Look through the listing below for the line with "Apartamento (tipo - padrao)" and the line with "13718 Palm Road". Copy both, along with every line between them, exactly and with no pictures.

__Task material__.
━━━━━━━━

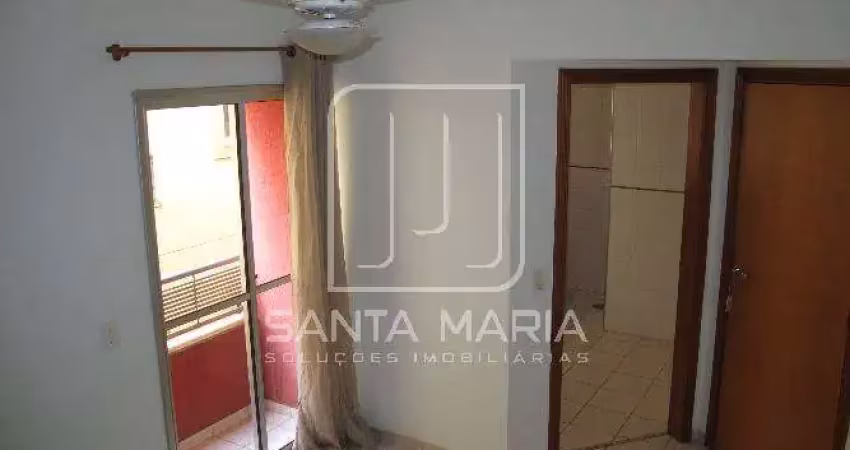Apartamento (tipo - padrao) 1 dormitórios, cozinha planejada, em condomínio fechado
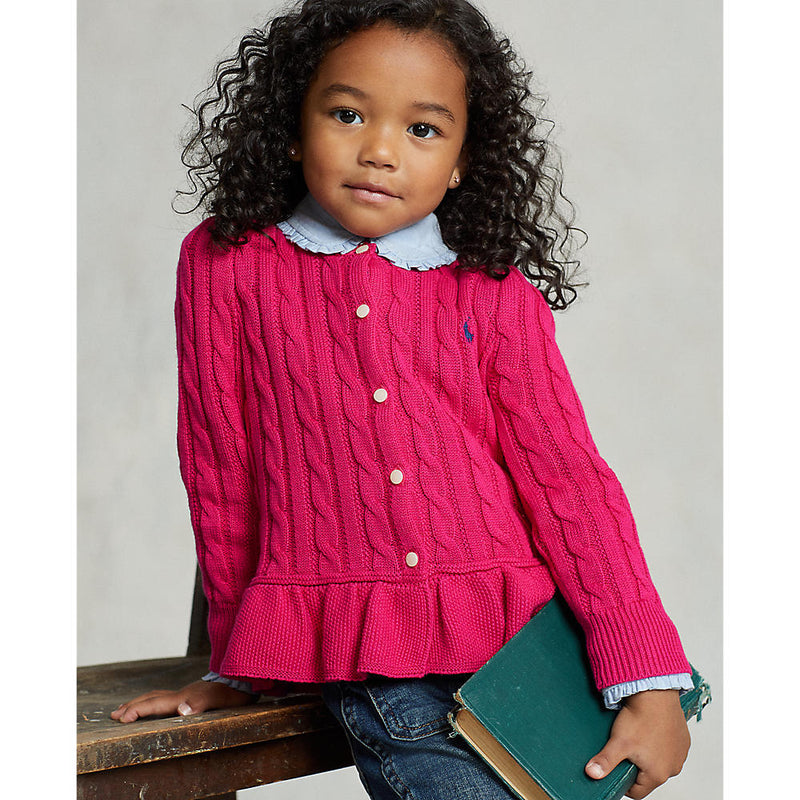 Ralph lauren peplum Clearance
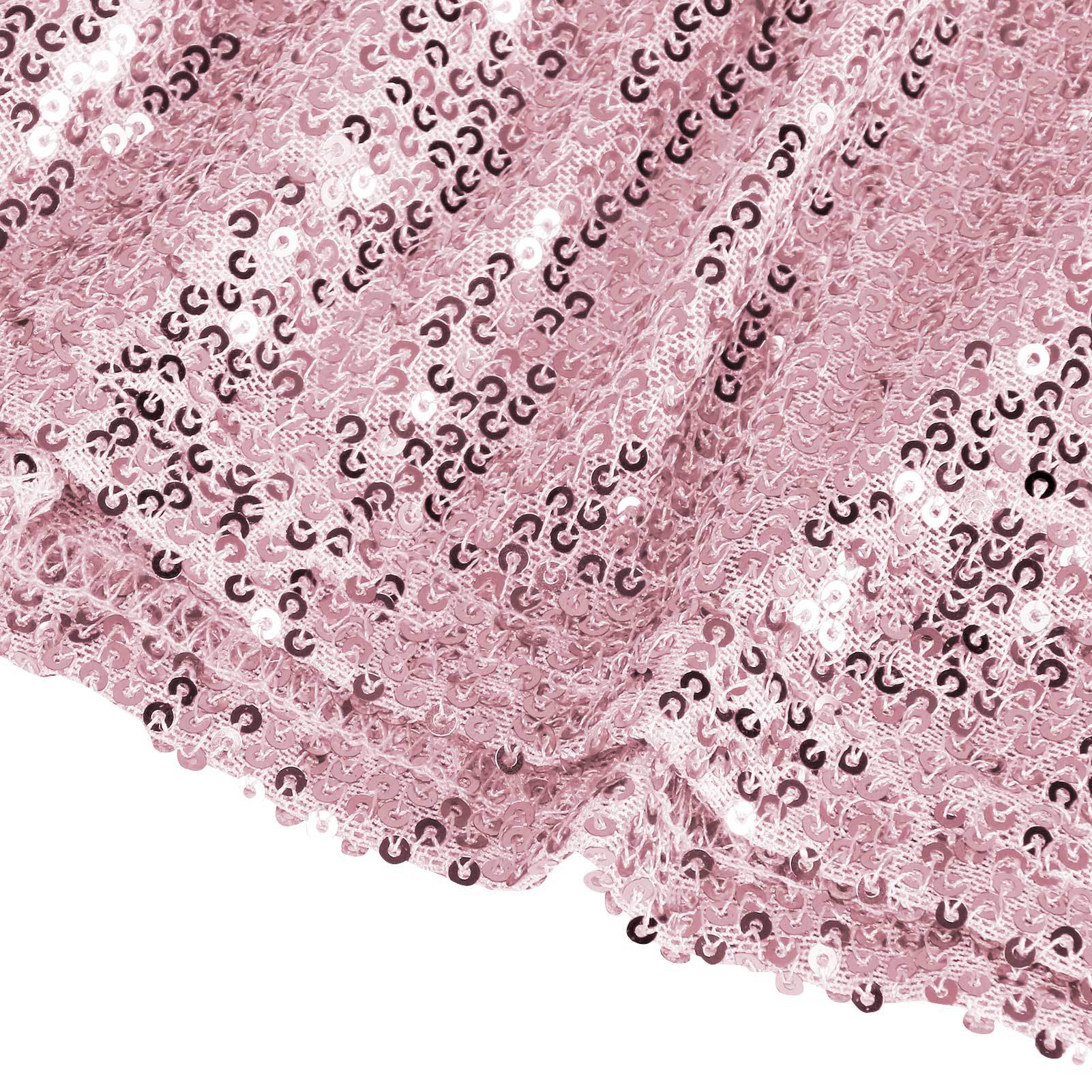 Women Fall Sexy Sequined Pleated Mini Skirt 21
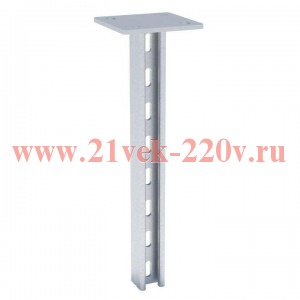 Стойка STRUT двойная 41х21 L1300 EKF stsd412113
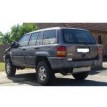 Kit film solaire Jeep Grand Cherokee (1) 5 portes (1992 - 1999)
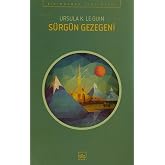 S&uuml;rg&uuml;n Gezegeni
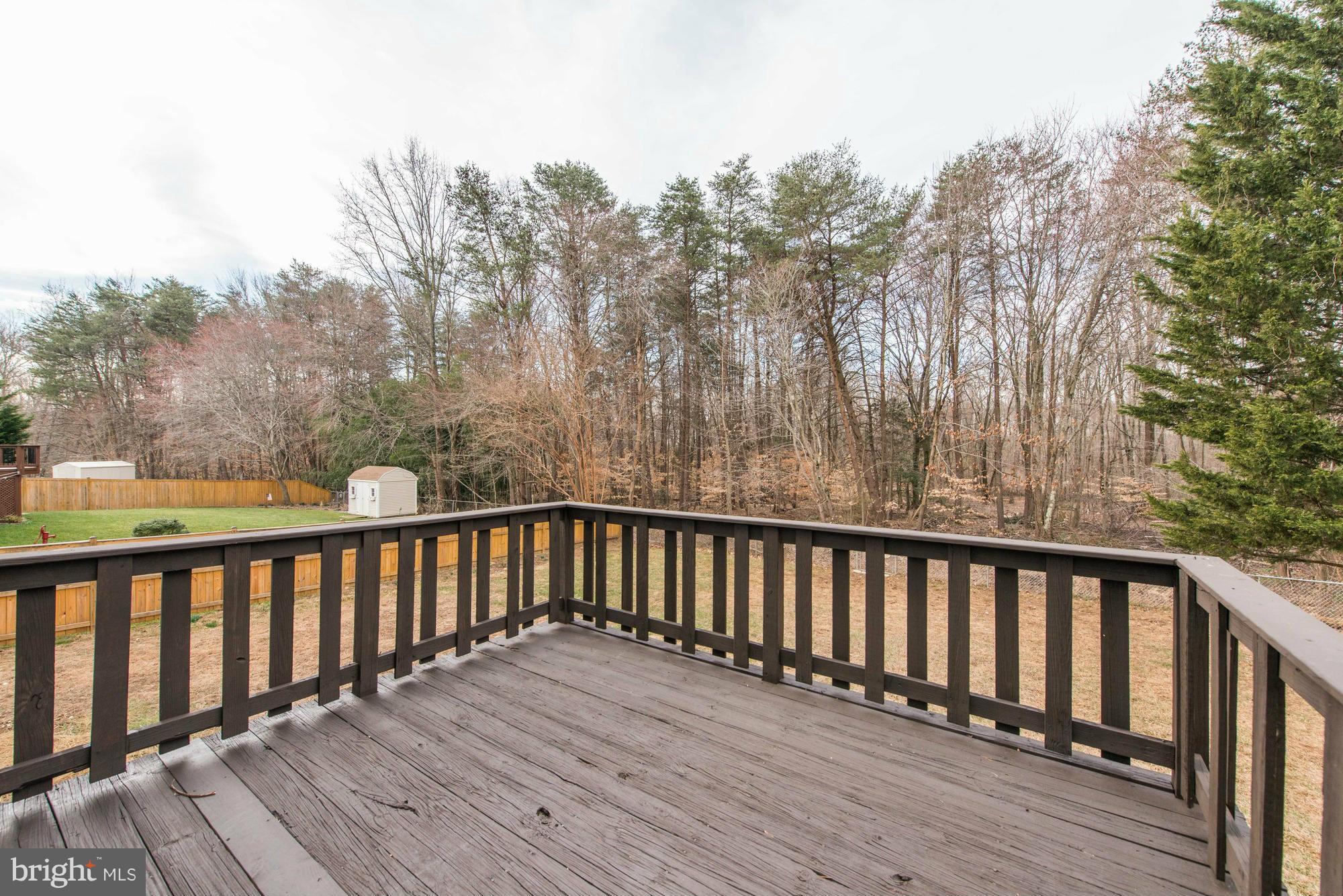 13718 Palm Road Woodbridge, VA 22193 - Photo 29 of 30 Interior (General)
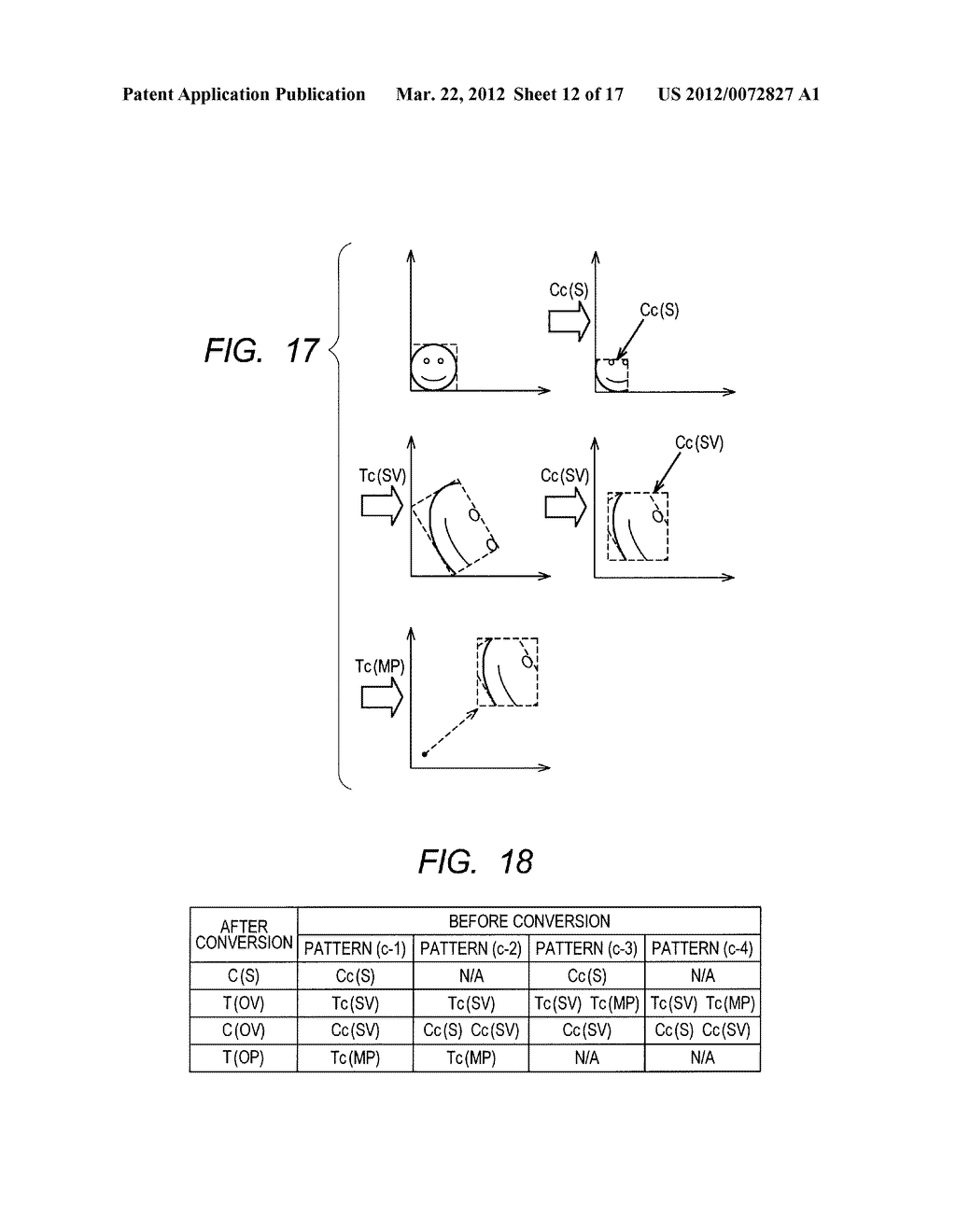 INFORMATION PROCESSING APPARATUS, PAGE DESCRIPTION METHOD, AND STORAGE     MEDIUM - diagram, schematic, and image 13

━━━━━━━━

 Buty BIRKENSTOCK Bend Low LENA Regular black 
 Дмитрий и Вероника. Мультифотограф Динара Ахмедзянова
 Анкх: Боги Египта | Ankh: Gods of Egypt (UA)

━━━━━━━━

__Response area__.
Apartamento (tipo - padrao) 1 dormitórios, cozinha planejada, em condomínio fechado
 Ralph lauren peplum Clearance
 Women Fall Sexy Sequined Pleated Mini Skirt 21
 Стойка STRUT двойная 41х21 L1300 EKF stsd412113
 Kit film solaire Jeep Grand Cherokee (1) 5 portes (1992 - 1999)
 S&uuml;rg&uuml;n Gezegeni
 13718 Palm Road Woodbridge, VA 22193 - Photo 29 of 30 Interior (General)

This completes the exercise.